There was a decrease in the loin pH at 1 h post-mortem (p < 0.05, linear and quadratic) whereas ultimate pH at 24 h post-mortem and loin color were not different among the CM treatments (Table 9). The change of loin pH is an important factor to determine the quality of pork because it is correlated with freshness, water holding capacity, tenderness, binding ability, pork color, texture, and shelf life [38,39]. This results may indicate that CM inclusion up to 18% with β-mannanase supplementation had no adverse effect on pork quality (loin pH and color), which is in an agreement with Kim et al. [13], who reported that there were no differences in loin pH and color when the pigs were fed diets containing up to 25% CM with β-mannanase supplementation.

4. Conclusions

The CM inclusion up to 12% in the growing-finishing pig diets with β-mannanase supplementation did not negatively affect growth performance, protein and fiber digestibility, or BUN concentrations of pigs. However, CM inclusion at 18% could negatively impact growth rate, protein, and fiber utilization even though β-mannanase was supplemented in the diets. The CM inclusion may have no detrimental effects on pork quality.
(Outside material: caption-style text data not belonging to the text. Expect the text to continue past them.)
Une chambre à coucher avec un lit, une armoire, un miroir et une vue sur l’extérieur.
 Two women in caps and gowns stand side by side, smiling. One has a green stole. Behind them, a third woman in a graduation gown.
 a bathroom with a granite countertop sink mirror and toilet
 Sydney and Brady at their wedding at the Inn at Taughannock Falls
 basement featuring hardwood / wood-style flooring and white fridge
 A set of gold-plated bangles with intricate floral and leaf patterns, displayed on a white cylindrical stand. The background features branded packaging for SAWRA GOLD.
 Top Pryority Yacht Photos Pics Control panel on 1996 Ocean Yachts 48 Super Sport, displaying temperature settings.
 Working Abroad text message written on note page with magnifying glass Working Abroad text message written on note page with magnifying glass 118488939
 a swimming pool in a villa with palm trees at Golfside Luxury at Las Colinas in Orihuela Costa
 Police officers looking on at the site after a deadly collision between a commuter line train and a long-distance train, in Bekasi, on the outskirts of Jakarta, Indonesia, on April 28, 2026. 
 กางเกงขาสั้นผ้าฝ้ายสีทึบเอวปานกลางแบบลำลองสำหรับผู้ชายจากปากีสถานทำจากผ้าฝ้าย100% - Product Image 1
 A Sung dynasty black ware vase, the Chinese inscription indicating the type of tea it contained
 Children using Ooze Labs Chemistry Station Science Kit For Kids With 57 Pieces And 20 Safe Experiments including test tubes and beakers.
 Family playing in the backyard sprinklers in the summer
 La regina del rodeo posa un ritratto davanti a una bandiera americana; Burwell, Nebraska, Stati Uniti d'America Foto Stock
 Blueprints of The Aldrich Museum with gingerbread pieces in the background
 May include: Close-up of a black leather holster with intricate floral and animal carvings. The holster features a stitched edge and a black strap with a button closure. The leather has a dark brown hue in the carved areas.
Therefore, CM could have the potential to be used in the swine diet up to 12% when the diets were supplemented with 800 IU of β-mannanase per kg diet.

Author Contributions

Conceptualization, D.H.K. and Y.Y.K.; methodology, D.H.K. and Y.D.J.; software, J.-C.J. and J.S.H.; validation, J.-C.J. and Y.D.J.; writing—original draft preparation, D.H.K. and J.-C.J.; writing—review and editing, Y.D.J.; supervision, Y.Y.K. All authors have read and agreed to the published version of the manuscript.

Funding

The present manuscript is based on research supported by Rural Development Administration (Republic of Korea; 500–20180039).

Conflicts of Interest

The authors declare no conflict of interest.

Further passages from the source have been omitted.